Ao contrário disso – como nós bem sabemos – a doutrina revelada, da qual a Igreja Católica é mestra infalível, a doutrina revelada nos ensina que Deus é um ser supremo, puro espírito, eterno, infinito, perfeitíssimo e inteiramente transcendente das criaturas, as quais Ele tirou todas do nada e às quais Ele ama com um amor infinito.
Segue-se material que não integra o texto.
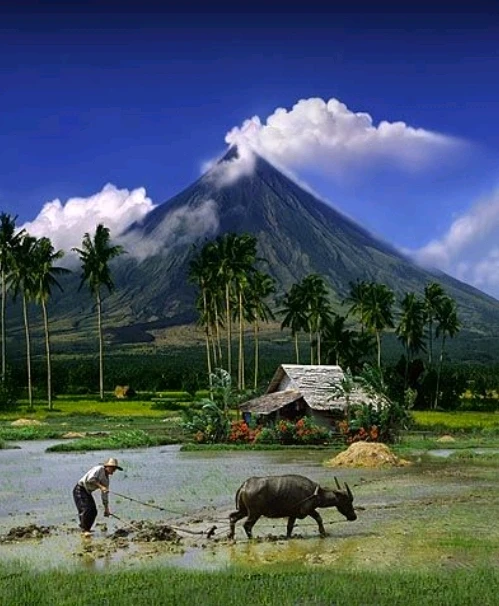 I-upload ni ⓛⓐⓘ ang larawan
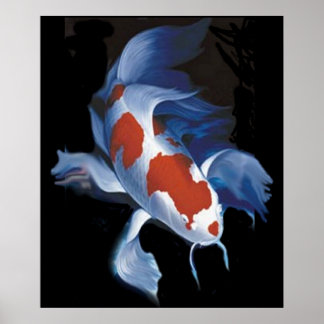 Poster Mighty Koi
Negando esta existência de um Deus extrínseco ao homem e portanto superior ao homem, a Revolução passou dessa negação velada ainda no Protestantismo, ela passou para uma afirmação no próprio Protestantismo ainda, uma afirmação igualitária de outra ordem. Ela passou a estabelecer uma alteração na forma de governo eclesiástico. Nós sabemos que segundo Santo Tomás de Aquino a forma perfeita de governo é aquela que se compõe igualmente de elementos monárquico, aristocrático e democrático. A Igreja – Leão XIII ensinou muito bem –  considera essas três formas de governo justas. Nada há que se oponha a que elas se componham ou se combinem para o bem comum. E Nosso Senhor Jesus Cristo instituindo sua Igreja, lhe deu como forma de governo a composição dessas três formas. O elemento monárquico na Igreja é representado pelo Papa; o elemento aristocrático é representado pelos Bispos; e o elemento democrático é representado pelo povo. Os três: Papa, bispos e povo constituem a Igreja católica.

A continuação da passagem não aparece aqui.